• About this task: Consider the data that follows and state how many lines contain the string "with", using the number alone.

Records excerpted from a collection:

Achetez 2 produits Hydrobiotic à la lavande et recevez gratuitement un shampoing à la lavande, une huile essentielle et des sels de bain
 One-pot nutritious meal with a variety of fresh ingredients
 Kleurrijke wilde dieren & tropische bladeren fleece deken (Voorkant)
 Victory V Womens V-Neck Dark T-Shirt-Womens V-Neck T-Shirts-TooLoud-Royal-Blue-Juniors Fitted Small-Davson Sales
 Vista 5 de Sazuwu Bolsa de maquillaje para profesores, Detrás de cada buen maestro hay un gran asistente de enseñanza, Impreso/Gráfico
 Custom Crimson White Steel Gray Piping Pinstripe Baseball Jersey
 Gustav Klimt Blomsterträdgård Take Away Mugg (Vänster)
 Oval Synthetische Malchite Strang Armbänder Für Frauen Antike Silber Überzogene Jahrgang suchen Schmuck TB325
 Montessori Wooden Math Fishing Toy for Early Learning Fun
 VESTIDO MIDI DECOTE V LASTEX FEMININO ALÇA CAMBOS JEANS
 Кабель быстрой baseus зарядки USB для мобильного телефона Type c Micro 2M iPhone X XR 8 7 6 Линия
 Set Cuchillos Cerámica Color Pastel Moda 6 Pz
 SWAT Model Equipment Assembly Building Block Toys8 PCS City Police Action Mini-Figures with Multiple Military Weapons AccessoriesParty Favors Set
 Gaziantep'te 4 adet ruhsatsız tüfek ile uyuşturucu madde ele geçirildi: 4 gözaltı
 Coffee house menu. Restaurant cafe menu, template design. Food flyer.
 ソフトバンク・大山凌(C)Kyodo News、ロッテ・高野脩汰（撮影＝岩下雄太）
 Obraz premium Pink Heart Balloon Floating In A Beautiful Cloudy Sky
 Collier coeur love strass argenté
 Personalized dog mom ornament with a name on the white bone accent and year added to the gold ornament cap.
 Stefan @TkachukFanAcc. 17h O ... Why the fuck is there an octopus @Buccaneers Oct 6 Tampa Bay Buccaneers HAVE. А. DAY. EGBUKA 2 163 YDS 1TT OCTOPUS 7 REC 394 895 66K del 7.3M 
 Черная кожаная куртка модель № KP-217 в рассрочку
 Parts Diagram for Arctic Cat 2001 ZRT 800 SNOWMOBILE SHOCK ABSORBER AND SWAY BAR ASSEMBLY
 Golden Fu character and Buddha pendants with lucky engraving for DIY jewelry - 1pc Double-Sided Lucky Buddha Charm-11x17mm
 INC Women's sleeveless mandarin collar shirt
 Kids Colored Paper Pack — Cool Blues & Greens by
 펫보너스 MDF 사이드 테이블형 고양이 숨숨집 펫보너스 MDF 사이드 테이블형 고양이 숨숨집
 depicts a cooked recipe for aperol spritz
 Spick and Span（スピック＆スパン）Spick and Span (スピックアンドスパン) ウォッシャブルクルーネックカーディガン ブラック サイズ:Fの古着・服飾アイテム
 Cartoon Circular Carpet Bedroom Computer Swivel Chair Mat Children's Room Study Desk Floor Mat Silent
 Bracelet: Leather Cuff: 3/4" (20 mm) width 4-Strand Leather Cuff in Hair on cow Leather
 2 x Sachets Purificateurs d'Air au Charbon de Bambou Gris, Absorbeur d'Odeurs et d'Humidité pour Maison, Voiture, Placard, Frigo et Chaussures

• Solution: 4